_TASK ITEM_: Go through the records and transcribe them exactly, passing over any picture.

++++ EXERCISE DATA

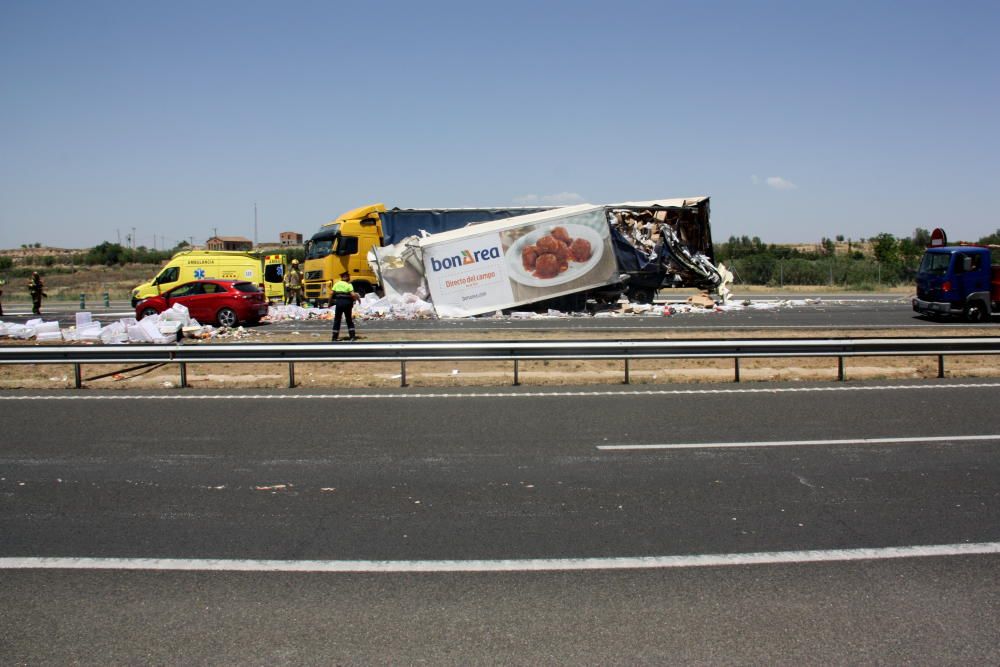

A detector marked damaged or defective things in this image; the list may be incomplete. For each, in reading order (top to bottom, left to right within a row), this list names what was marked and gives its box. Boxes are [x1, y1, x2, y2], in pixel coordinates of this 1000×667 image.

wrecked truck trailer [372, 197, 724, 318]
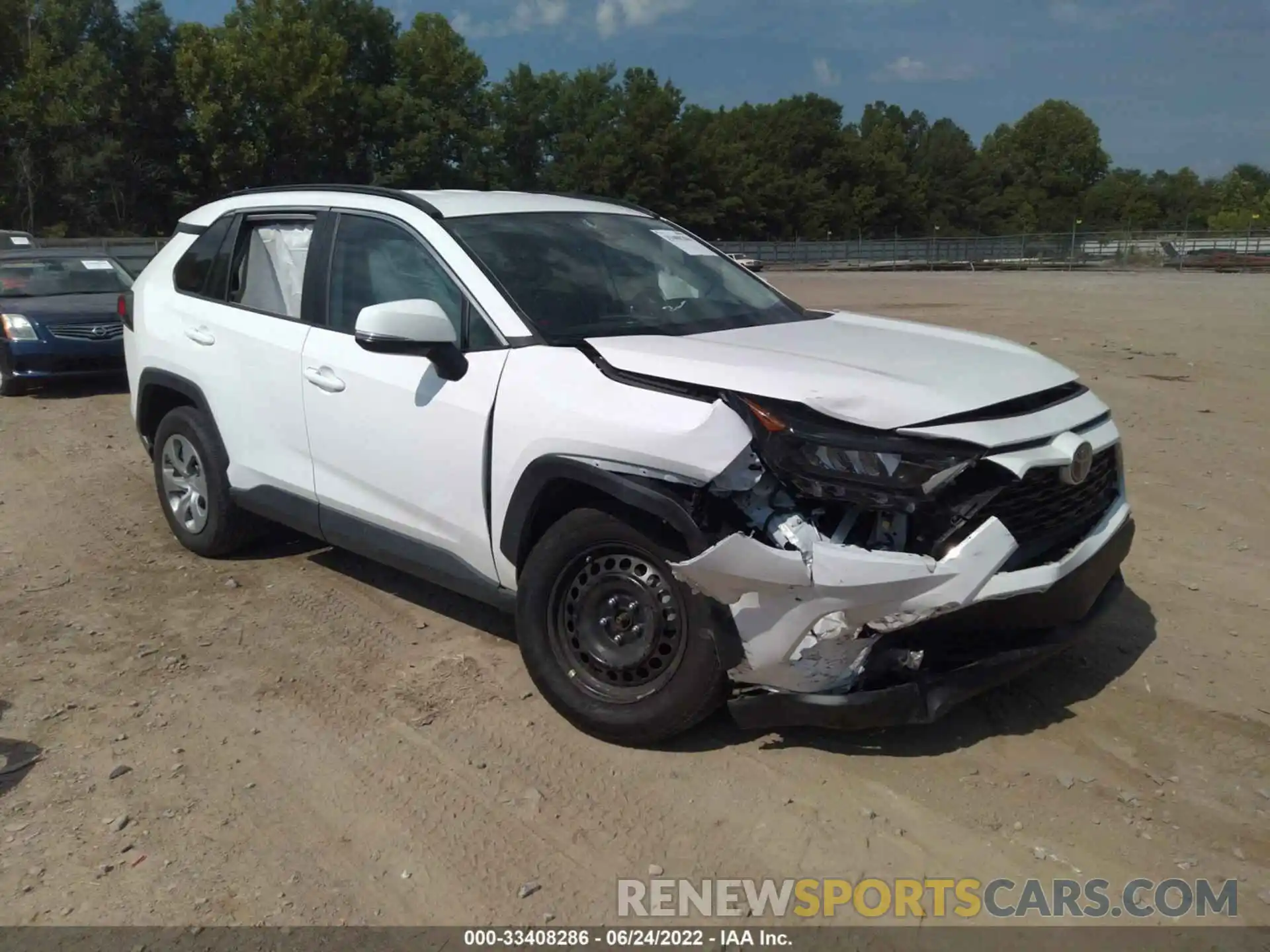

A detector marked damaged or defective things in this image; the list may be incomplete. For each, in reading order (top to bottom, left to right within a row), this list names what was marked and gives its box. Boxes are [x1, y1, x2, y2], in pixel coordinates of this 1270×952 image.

broken headlight housing [736, 396, 980, 510]
damaged front end [665, 391, 1132, 736]
crumpled front bumper [670, 500, 1138, 731]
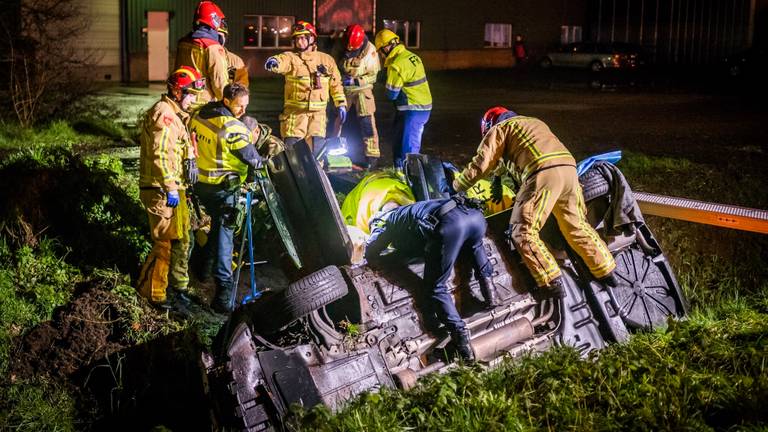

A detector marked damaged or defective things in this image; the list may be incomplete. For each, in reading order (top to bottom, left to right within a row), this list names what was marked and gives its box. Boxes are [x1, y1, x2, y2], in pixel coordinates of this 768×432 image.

overturned car [201, 142, 688, 428]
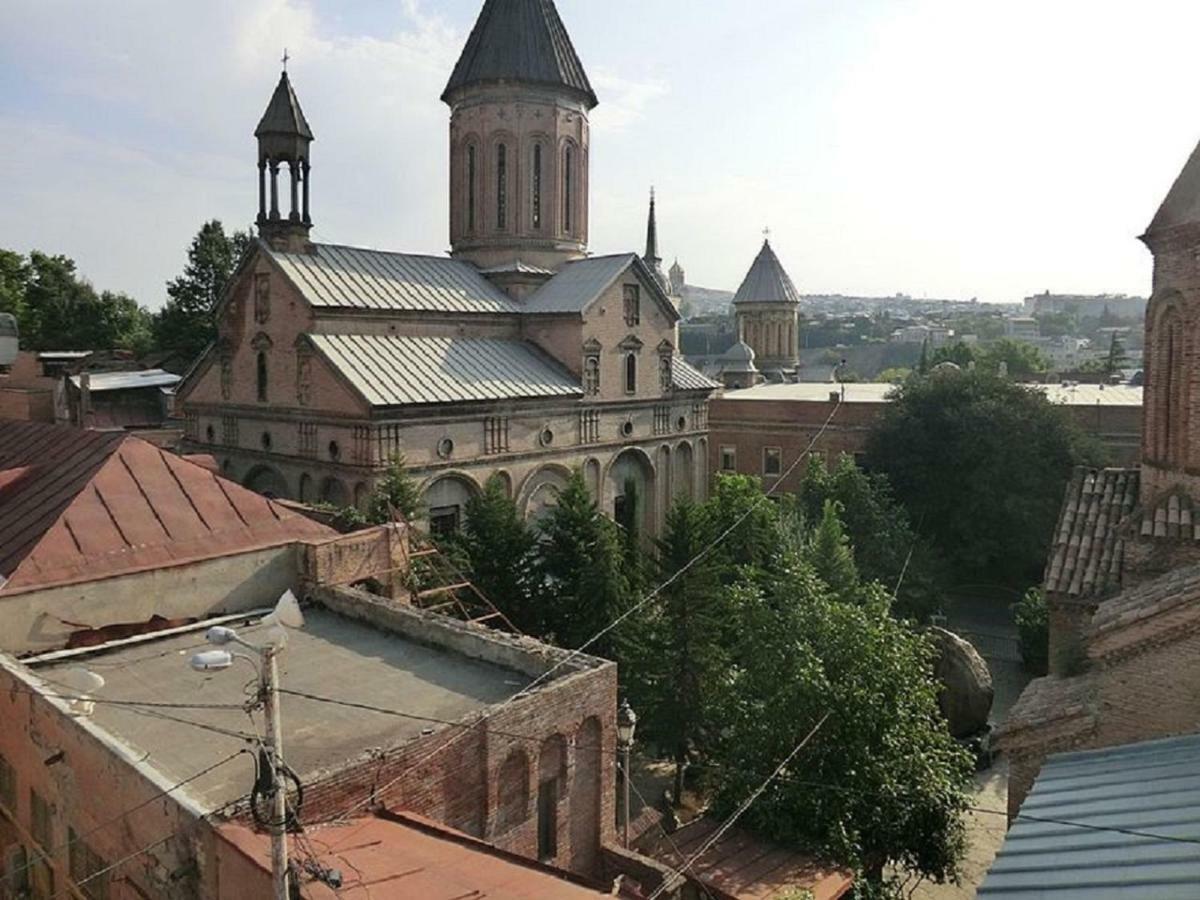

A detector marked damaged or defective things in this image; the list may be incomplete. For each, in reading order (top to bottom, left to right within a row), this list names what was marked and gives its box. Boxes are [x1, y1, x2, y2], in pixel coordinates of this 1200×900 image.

rusty red metal roof [0, 422, 331, 595]
rusty red metal roof [220, 816, 624, 897]
rusty red metal roof [638, 816, 854, 900]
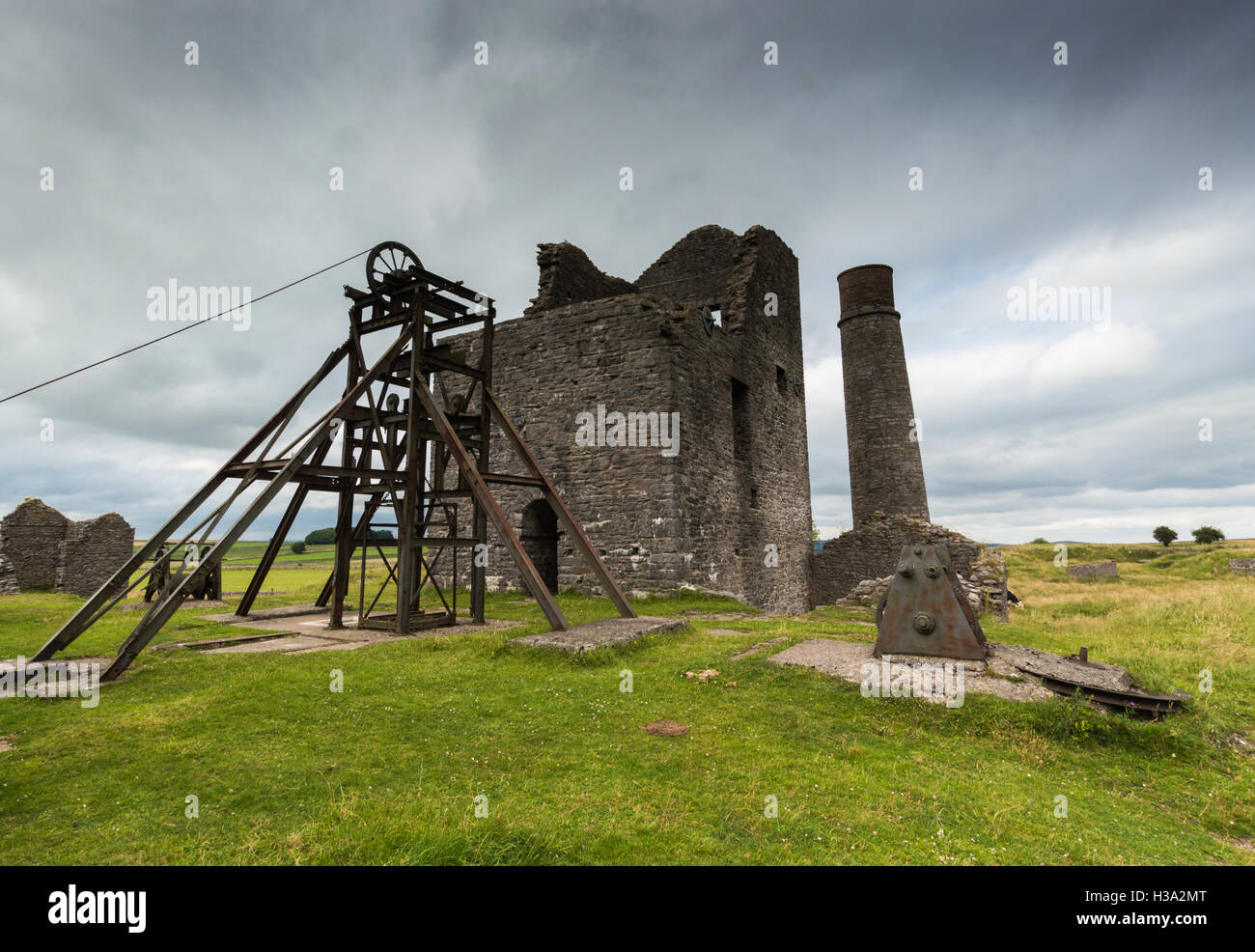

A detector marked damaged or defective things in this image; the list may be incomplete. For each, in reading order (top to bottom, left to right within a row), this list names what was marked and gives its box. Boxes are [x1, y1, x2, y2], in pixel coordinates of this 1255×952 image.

rusty metal equipment [34, 241, 637, 680]
rusty metal equipment [869, 541, 989, 660]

++++++++

_ANSWER BOX_:
A detector marked damaged or defective things in this image; the list may be incomplete. For each, in reading order (top to bottom, left to right within a row), this list names what was marked and gives its box. Boxes are [x1, y1, x2, y2], in pixel coordinates of this 1000×667 image.

wrecked truck trailer [372, 197, 724, 318]

A detector marked damaged or defective things in this image; the list may be incomplete. For each, in reading order (top to bottom, left to right within a row), this list names what was marked and gives its box. Boxes are [x1, y1, x2, y2], in pixel coordinates of this 1270×952 image.

broken headlight housing [736, 396, 980, 510]
damaged front end [665, 391, 1132, 736]
crumpled front bumper [670, 500, 1138, 731]

A detector marked damaged or defective things in this image; the list may be incomplete. For each, in reading order (top to bottom, left to right within a row), this list names what was marked and gives its box. Boxes are [x1, y1, x2, y2], in pixel coordinates of this 768×432 image.

overturned car [201, 142, 688, 428]

A detector marked damaged or defective things in this image; the list may be incomplete. For each, in reading order (top to bottom, left to right within a row), this list names what was marked and gives its box. Boxes are [x1, y1, x2, y2], in pixel coordinates of this 1200×900 image.

rusty red metal roof [0, 422, 331, 595]
rusty red metal roof [220, 816, 624, 897]
rusty red metal roof [638, 816, 854, 900]

A detector marked damaged or defective things in this image; the list may be incomplete. For each, in reading order (top to bottom, left to right within a row), this list names what was marked and gives its box. Boxes are [x1, y1, x2, y2], in pixel coordinates of this 1255×952 image.

rusty metal equipment [34, 241, 637, 680]
rusty metal equipment [869, 541, 989, 660]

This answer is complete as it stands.